# Suche Altes Zombie Spiel!



## Mister Floppy (14. Januar 2010)

Guten Morgen miteinander,

Suche ein Spiel das vor etlichen Jahren, in den Neunzigern auf einer Snakebyte CD Rom zu finden war ( Darauf war auch Jazz Jackrabbit).
Das Spiel handelte von einem blonden Jungen mit roter Mütze in Pyjama ( Gott ich hoffe das ist richtig geschrieben) der es mit Zombies aufnahm ( Kann mich nur an grüne Zombies mit blauen Haaren erinnern).

Weiß evtl. jemand Rat?


----------



## Veriquitas (14. Januar 2010)

Ich glaub ich weiss welches  du meinst das gab es auch schonmal für Snes mit  Junge und Mädchen nur weis ich net wie es heisst.


----------



## boerigard (14. Januar 2010)

Veriquitas schrieb:


> Ich glaub ich weiss welches  du meinst das gab es auch schonmal für Snes mit  Junge und Mädchen nur weis ich net wie es heisst.


Zombies Ate My Neighbors?
Ja, aber das meint er nicht, denn davon gab es keine PC-Portierung.


----------



## Mister Floppy (14. Januar 2010)

Ich kann mich noch dran erinnern, dass eines der frühen level ein altes verlassenes Haus war, dort gabs ne Treppe und sobald man draufstand klappten alle stufen runter und man rutsche die Treppe hinab.


----------



## Sethosh (14. Januar 2010)

Du meinst Monster Bash von Apogee Soft. Das war geil ;D
Das Teil hatte damals schon derbe Splattereffekte...

http://img.bomul.com/data_img/pds/screenshot/screen_39444_Monster_Bash_1.jpg

ich hab damals einige von denen ihren games gezockt. empfehlenswert ist auch:
Halloween Harry - Alien Carnage, Hocus Pocus, Jazz Jackrabbit (Teil 1, die anderen waren nimmer so dolle), Galactix und Duke Nukem 2 war auch echt geil 
Damn ich war damals netmal 7 Jahre alt...


----------



## Mister Floppy (15. Januar 2010)

Sethosh schrieb:


> Du meinst Monster Bash von Apogee Soft. Das war geil ;D
> Das Teil hatte damals schon derbe Splattereffekte...
> 
> http://img.bomul.com/data_img/pds/screenshot/screen_39444_Monster_Bash_1.jpg
> ...



OMG ja das ist es!!! Danke 

Das war damals auf ner alten Snakebyte CD zusammen mit Jazz Jackrabbit 1, Raptor - Call of the Shadows usw.

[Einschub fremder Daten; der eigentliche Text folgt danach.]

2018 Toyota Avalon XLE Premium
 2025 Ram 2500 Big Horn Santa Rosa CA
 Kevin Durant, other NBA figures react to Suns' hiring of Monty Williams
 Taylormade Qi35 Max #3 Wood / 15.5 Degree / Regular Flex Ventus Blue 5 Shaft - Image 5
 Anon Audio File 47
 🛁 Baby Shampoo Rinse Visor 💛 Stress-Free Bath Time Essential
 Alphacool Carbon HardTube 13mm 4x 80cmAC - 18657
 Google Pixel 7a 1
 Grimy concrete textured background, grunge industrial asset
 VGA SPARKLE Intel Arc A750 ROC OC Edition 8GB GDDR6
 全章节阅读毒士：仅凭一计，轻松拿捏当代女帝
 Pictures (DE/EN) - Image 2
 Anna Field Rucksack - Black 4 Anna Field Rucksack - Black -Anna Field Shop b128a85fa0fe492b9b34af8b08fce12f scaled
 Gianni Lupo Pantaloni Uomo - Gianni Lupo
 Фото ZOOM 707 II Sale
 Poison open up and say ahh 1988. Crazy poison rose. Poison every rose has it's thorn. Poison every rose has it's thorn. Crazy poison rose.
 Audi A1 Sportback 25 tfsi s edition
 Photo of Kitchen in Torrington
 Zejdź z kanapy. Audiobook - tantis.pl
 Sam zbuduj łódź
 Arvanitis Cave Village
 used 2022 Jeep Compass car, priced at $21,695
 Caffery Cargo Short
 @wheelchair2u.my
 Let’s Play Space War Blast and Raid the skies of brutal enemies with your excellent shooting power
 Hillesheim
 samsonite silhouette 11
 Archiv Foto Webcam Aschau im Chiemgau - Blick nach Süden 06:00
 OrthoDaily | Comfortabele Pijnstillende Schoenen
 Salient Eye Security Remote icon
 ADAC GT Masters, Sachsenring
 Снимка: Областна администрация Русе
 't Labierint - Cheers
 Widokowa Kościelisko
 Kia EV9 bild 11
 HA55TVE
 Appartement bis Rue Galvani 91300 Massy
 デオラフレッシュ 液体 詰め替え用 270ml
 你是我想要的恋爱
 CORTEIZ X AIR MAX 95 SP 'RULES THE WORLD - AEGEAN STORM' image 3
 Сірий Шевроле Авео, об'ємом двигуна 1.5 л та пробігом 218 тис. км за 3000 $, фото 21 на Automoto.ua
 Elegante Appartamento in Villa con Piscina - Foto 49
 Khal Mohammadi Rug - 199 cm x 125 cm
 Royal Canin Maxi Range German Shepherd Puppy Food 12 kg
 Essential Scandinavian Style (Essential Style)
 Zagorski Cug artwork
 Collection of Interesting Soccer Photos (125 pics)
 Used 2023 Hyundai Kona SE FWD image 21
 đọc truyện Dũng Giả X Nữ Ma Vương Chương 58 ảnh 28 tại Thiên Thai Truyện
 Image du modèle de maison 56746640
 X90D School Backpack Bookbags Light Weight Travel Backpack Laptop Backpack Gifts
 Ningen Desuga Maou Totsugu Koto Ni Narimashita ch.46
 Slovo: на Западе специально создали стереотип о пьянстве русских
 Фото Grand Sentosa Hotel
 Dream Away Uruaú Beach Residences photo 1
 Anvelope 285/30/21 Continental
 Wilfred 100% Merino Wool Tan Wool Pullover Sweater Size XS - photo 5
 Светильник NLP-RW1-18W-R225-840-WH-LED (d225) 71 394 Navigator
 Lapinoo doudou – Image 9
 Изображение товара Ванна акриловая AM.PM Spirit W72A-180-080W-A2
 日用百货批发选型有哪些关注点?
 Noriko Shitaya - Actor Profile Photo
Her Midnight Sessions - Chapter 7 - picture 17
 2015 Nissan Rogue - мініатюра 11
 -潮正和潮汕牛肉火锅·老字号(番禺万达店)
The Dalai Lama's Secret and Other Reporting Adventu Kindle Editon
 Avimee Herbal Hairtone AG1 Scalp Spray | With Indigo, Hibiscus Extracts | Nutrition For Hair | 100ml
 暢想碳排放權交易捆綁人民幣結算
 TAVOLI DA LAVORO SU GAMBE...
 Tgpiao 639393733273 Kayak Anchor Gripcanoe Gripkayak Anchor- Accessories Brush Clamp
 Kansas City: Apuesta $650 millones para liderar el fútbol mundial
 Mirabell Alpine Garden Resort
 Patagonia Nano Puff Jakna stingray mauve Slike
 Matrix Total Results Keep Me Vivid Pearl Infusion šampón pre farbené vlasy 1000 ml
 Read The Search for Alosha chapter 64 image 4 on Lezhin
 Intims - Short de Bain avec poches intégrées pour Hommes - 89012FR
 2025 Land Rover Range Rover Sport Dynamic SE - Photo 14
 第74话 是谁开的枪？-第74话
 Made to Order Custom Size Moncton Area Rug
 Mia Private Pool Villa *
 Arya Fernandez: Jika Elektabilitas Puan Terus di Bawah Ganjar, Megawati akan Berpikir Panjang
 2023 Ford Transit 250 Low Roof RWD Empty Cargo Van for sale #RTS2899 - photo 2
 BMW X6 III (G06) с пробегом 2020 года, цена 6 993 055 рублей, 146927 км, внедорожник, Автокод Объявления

Du glaubst gar nicht wie dankbar ich bin .


----------



## Sethosh (15. Januar 2010)

also ob ich jazz jackrabbit hab, weiß ich nimmer, aber raptor hab ich noch irgendwo rumliegen ;D
btw. manche der alten games gibts mittlerweile umsonst und legal im internet.


----------